Ask Ben: Breaking An SMS Text Message Up Into Multiple Parts

Posted December 27, 2007 at 2:34 PM

Tags: ColdFusion, Ask Ben

This isn't necessarily an "Ask Ben" question; Michael Appenzellar had brought up the concept of breaking up an SMS text message into multiple parts that were, at most, 120 characters each. He was having a bit of trouble breaking it up, so I thought I would throw together a quick little demo. To start with, let's create the text message that you might want to send to someone around this time of the year:

 Launch code in new window » Download code as text file »

  • <!---
  • Store the message that we would like to split up
  • into MAX:120 character segments.
  • --->
  • <cfsavecontent variable="strMessage">
  •  
  • Deborah, thank you so much for coming over for Christmas
  • celebrations. I had quite a fabulous time. I hope that
  • the present I got for you was not offensive; I just fancy
  • you rather attractive and I could only imagine that that
  • kind of outfit would have looked insanely delicious on you.
  • Happy Holidays.
  •  
  • </cfsavecontent>
  •  
  •  
  • <!---
  • Clean the message - trim it and replace out special
  • characters (line breaks, tabs, carriage returns) with
  • a space.
  • --->
  • <cfset strMessage = REReplace(
  • Trim( strMessage ),
  • "[\t\r\n\s]+",
  • " ",
  • "all"
  • ) />

Don't pay attention to that REReplace() - that just takes the string stored using ColdFusion's CFSaveContent tag and strips out the extra tabbing and line breaks. I just like using CFSaveContent for formatting / display reasons.

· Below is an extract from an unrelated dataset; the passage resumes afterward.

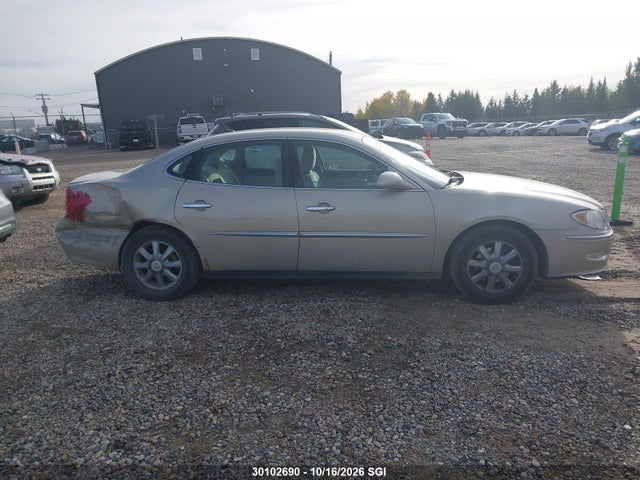 Продаж на аукціоні авто 2009 Buick Allure Cx, vin: 2G4WF582291124831, номер лоту: 30102690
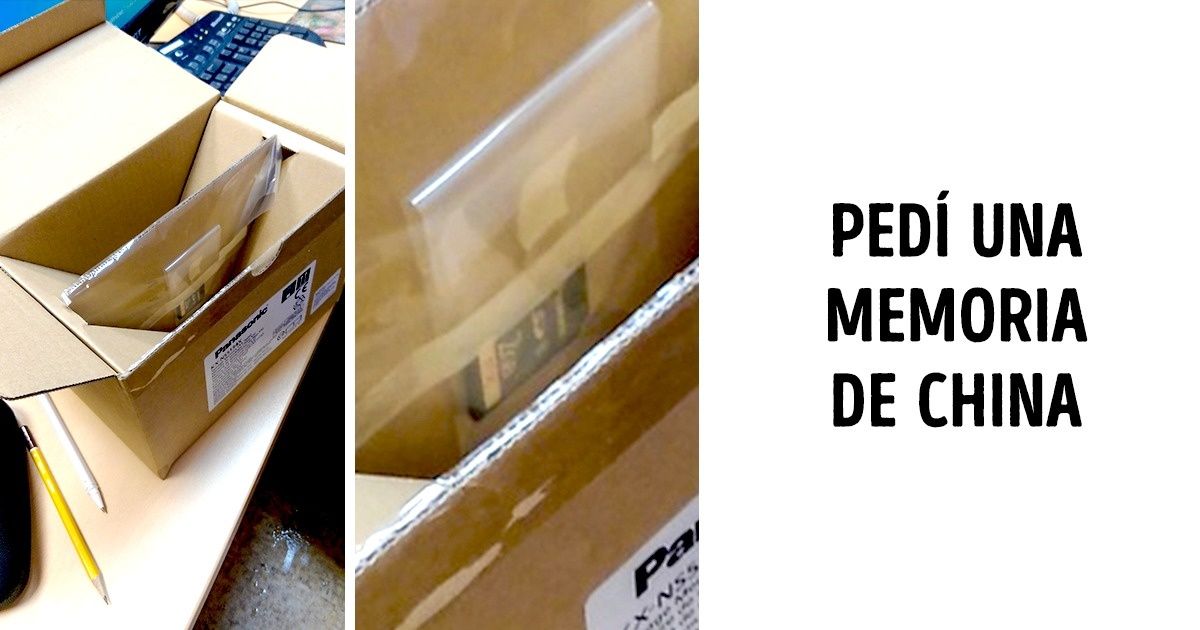 20 Casos ridículos en los que las tiendas exageraron con el empaquetado de los artículos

Ok, now that we have our message, we want to break it up into 120 max-character SMS text messages. Initially, you might just try to use ColdFusion's Mid() function to grab every 120 character substring of the message:

 Launch code in new window » Download code as text file »

  • <!--- Break the message into 120 character strings. --->
  • <cfloop
  • index="intOffset"
  • from="1"
  • to="#Len( strMessage )#"
  • step="120">
  •  
  • <!--- Output this max:120 character segment. --->
  • <p>
  • #Mid( strMessage, intOffset, 120 )#
  • </p>
  •  
  • </cfloop>

On paper, this looks good, but when you run it, you see that it's not quite ideal. We end up splitting the message up into these three segments:

Deborah, thank you so much for coming over for Christmas celebrations. I had quite a fabulous time. I hope that the pres

ent I got for you was not offensive; I just fancy you rather attractive and I could only imagine that that kind of outfi

t would have looked insanely delicious on you. Happy Holidays.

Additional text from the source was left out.